The Republican primary for Arizona's 8th Congressional District is rapidly descending into a spectacle of insults and one-upmanship epitomized by candidates Blake Masters and Abe Hamadeh. Their squabble, a cascade of attacks heavy on character slams and light on policy discussion, has commandeered the race's limelight, leaving little room for anything resembling the sober public service discourse many crave.

According to reports from the Phoenix New Times, both candidates have seemingly opted to fully embody the maxim that negative campaigning can to ever more effectively draw attention than a recitation of one’s platform. Masters and Hamadeh, with not a single general election win between them, have all but eschewed the realm of the constructive in favor of increasingly personal and pointed confrontations.

Texts leaked to the Arizona Republic added further fuel to the fire. In the messages dated January 2023, Hamadeh referred to the adherents of election-fraud theories as "crazies," despite having courted the same constituency with his challenges to the 2022 election results. "No matter what happens I'm winning right now. I'm not lumped in with crazies with election stuff because I'm so close at 280," Hamadeh wrote to Masters. "But the crazies love (me) because they see me fighting."

In response to the story, Hamadeh's campaign spokeswoman Erica Knight confirmed the legitimacy of the texts and argued that "has been labeled a crazy time and time again" and that Hamadeh "chooses to laugh about it rather than back down from the fight." Masters, for his part, was quick to seize upon the texts, using them to paint Hamadeh as disingenuous. "The truth (is) that Abe is a shape shifter," Masters wrote, arguing that Hamadeh's private disdain for election-fraud believers belied his public championing of their cause.

The campaign ads released by both candidates mirror the acrimony evident in their private communications. Masters has targeted Hamadeh with Islamophobic rhetoric, while Hamadeh has dredged up Masters' past writings—a strategy aimed more to inflame than inform. Hamadeh's most recent ad insinuated that Masters at one point endorsed unrestricted illegal immigration and even praised convicted drug smugglers as "heroes," statements Masters made nearly two decades ago and has since walked back from.

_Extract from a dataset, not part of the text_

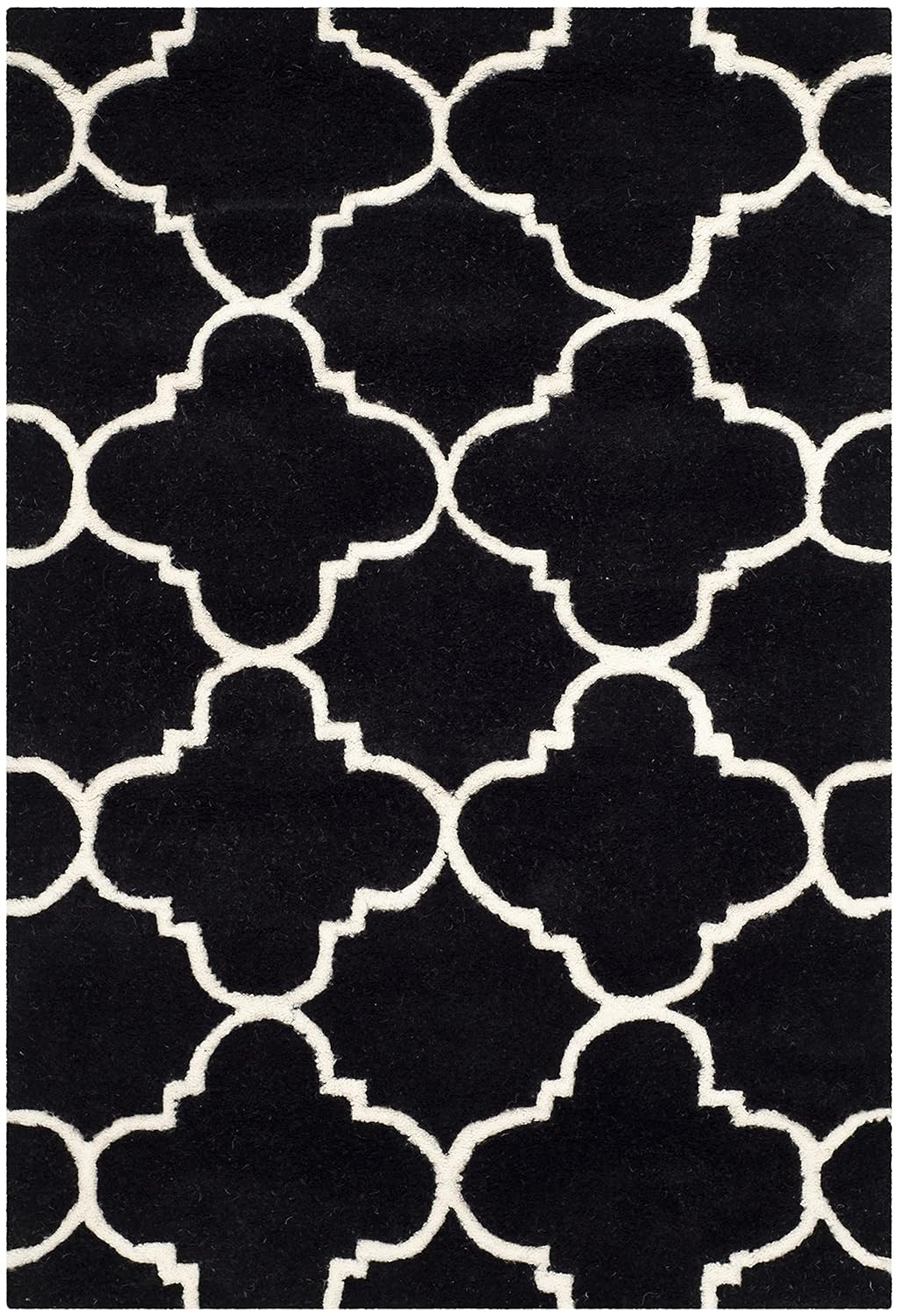 SAFAVIEH Chatham Jacob Geometric Quatrefoil Wool Area Rug, Black/Ivory, 2' x 3'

As the tide of attack ads rolls on, one thing is clear: the 8th District race is firmly gripped by a political theater bordering on the absurd. Distributing allegations that stretch from teenage social media posts to adult policy stances, Masters and Hamadeh's contest is one marked less by what they plan to do for their would-be constituents, and more by how effectively they can undercut each other. Whether this approach will yield electoral dividends remains to be seen. For now, their strategy guarantees that the Republican primary for Arizona’s 8th will remain, if not politically enlightening, at least morbidly entertaining.